With the end of the shutdown, Congress will get back to its regularly scheduled programming. Although the House of Representatives has effectively been on ice for more than a month, Republicans still hope they can pass some substantive legislation before next year’s election cycle kicks in.
While several government departments will be funded until September in the shutdown-ending agreement, Congress will have to approve spending for the rest of the government by the end of January to avoid another shutdown.
Democrats, licking their wounds, may be hankering for another chance to fight.
Meanwhile, the issue they fought over – healthcare subsidies – could become a pressing concern for tens of millions of Americans who will see their insurance costs double or triple at the end of the year. Republicans ignore addressing such voter pain at their own political peril.
And that isn’t the only peril facing Trump and the Republicans.
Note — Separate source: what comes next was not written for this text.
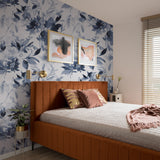 "Wall Blush's Wild Blues Wallpaper showcasing floral design in a stylish bedroom setting, accented with modern decor."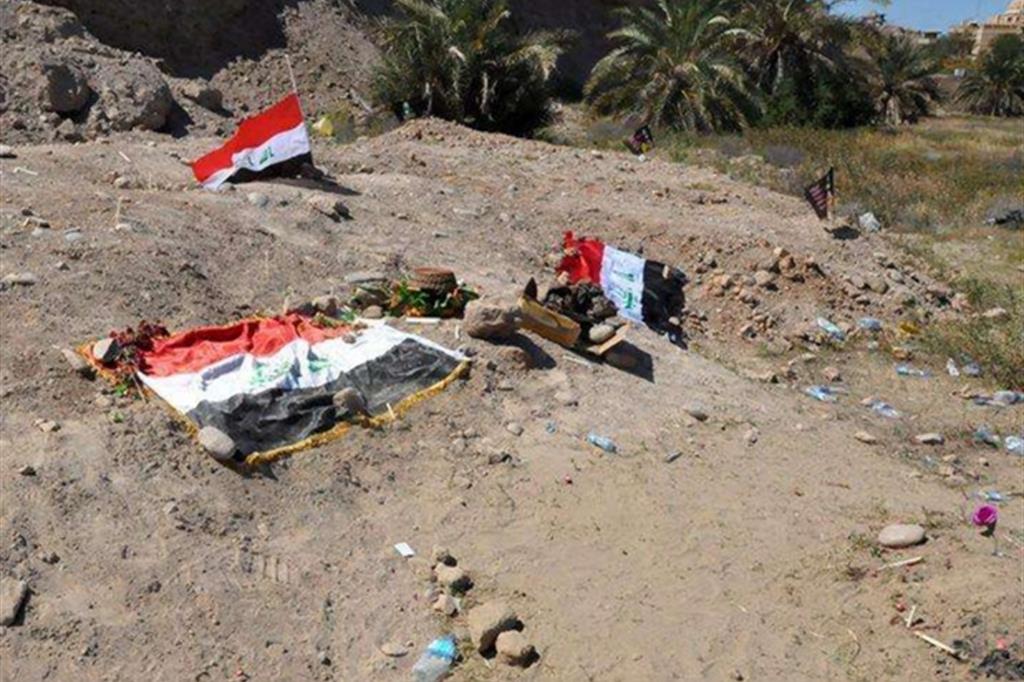 Alcune bandiere irachene su un sito identificato come fossa comune del Daesh a Tikrit (Epa)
A day that was supposed to be highlighted by the House government-funding vote was spent dwelling on the latest revelations surrounding the late convicted sex offender Jeffrey Epstein.
Later on Wednesday, Congresswoman Adelita Grijalva was sworn in to her congressional seat and became the 218th and final signatory on a petition that will force the House of Representatives to hold a vote ordering the justice department to release all its files on the Epstein case.
It was enough to prompt Trump to complain, on his Truth Social website, that his government-funding success was being eclipsed.
“The Democrats are trying to bring up the Jeffrey Epstein Hoax again because they’ll do anything at all to deflect on how badly they’ve done on the Shutdown, and so many other subjects,” he wrote.
It was all a very clear reminder that the best-laid plans and political strategies can be derailed in a flash.